__Description of the task__:
Begin at the line below that has "Diesel women’s light". Stop after the line that has "Wet Brush Original", repeating each line exactly and leaving out the pictures.

__Records to use__:
******

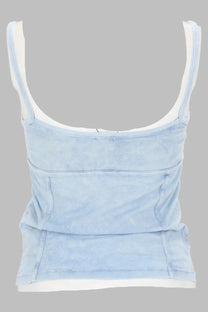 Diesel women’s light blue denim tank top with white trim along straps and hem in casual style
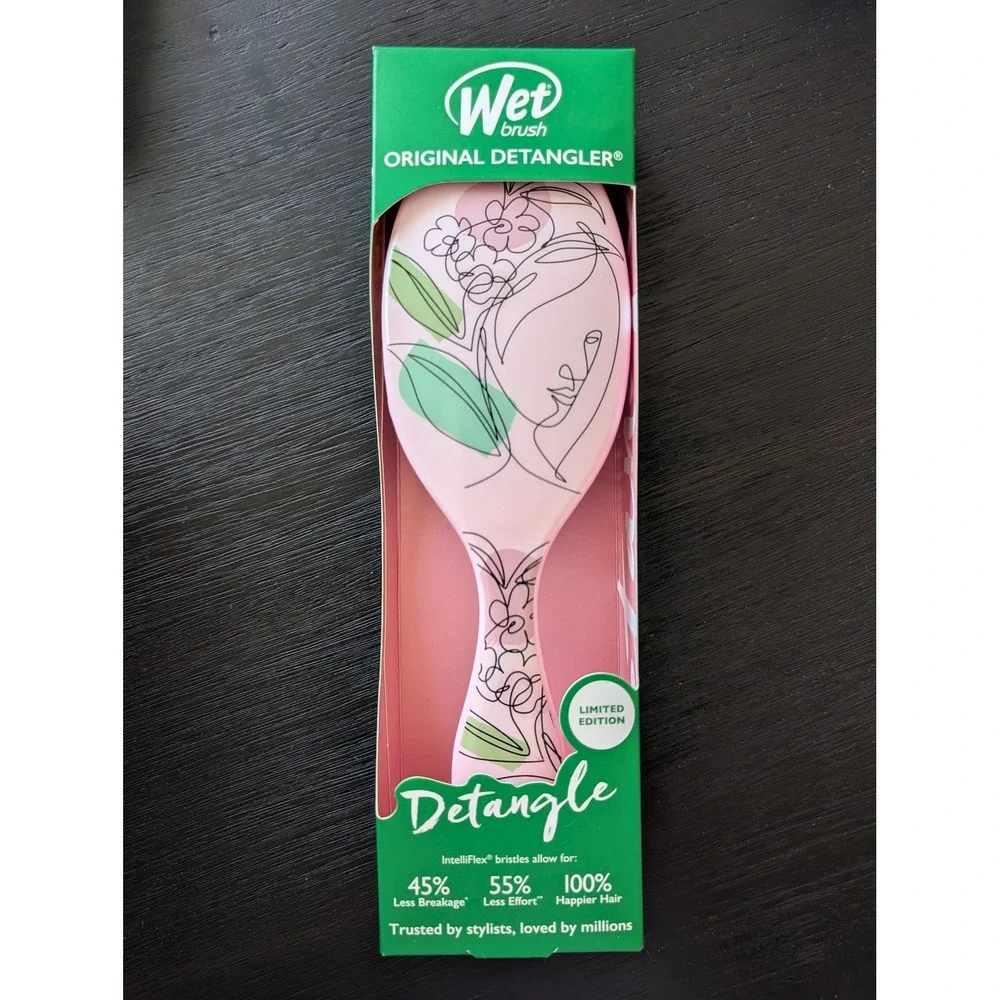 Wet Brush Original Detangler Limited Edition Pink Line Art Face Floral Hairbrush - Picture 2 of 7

******

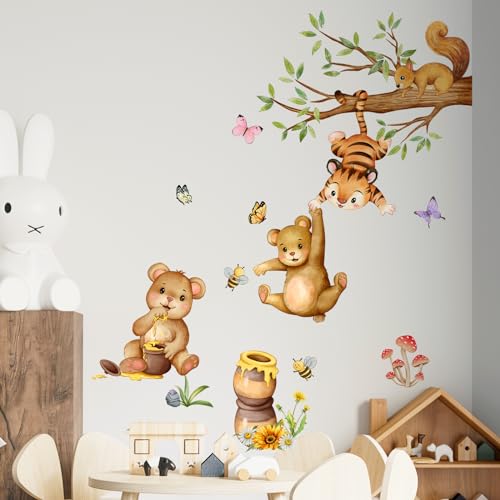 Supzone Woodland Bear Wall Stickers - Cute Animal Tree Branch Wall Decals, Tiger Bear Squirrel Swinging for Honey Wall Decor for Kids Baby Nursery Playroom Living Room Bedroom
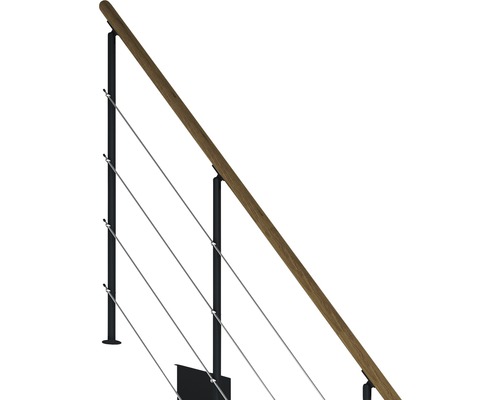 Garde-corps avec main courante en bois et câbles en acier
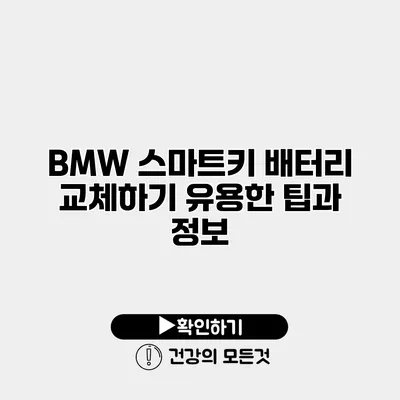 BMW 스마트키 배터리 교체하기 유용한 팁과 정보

******

__Result__:
 Diesel women’s light blue denim tank top with white trim along straps and hem in casual style
 Wet Brush Original Detangler Limited Edition Pink Line Art Face Floral Hairbrush - Picture 2 of 7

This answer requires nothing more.